I have three compost bins: one that I bought from my local council at a subsidised rate, and two empty barrels which were dumped on my allotment.
The two barrels I have covered with a bit of old carpet to ensure that the heat stays in and the rain stays out.
You can make your own compost bin quite simply out of a pallet, as one of our visitors to our message board, Roger Watson, has. He says “I have to make big compost bins for leaves at this time of year. Here’s a tip, if any good to anyone.Grab four old wooden pallets and tie them at the ends to make a bin. They make a great bin and it’s easy to remove the compost later as you simply untie the side you want to work from. You can split the bottom layer off the pallets to make it neater but that takes a little longer.”
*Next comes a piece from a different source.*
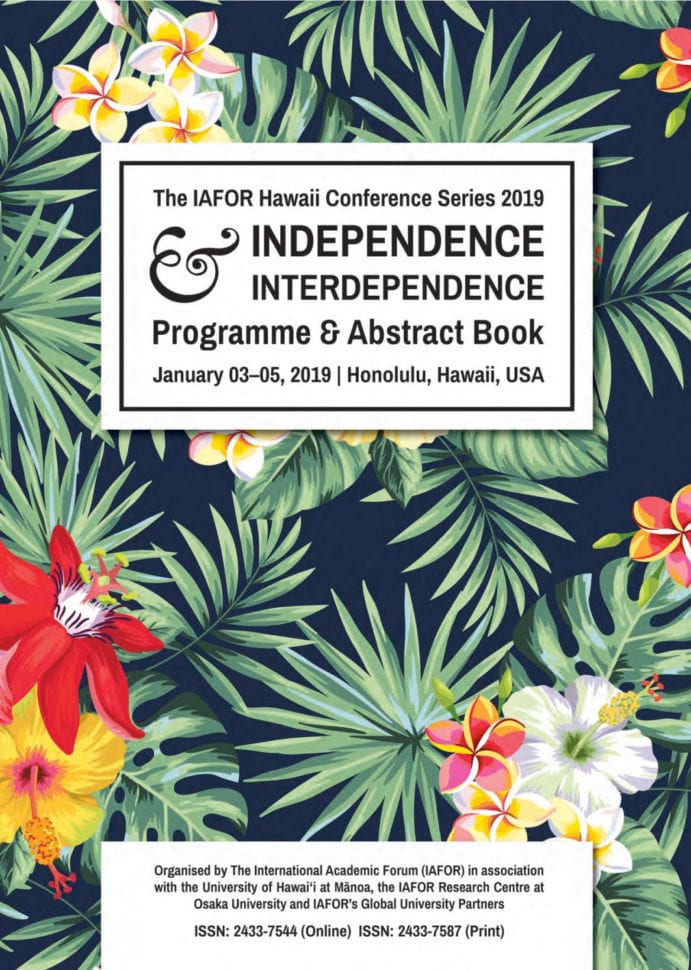 Iicehaii 2019  Iicseehaii 2019  Programme  Abstract Iicehaii 2019  Iicseehaii 2019  Programme  Abstract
Within about six months you should have a load of compost in the bottom of whatever you bin you use. The bigger the better though as to get compost it has to reach a certain temperature before it starts to break down properly. You can buy some liquid that you pour in to aid this process, personally I use an age old method. I wee in it, I think it is something to do with the ammonia in urine. But, before we get people getting arrested for indecent exposure, make sure you don’t do this where people can see.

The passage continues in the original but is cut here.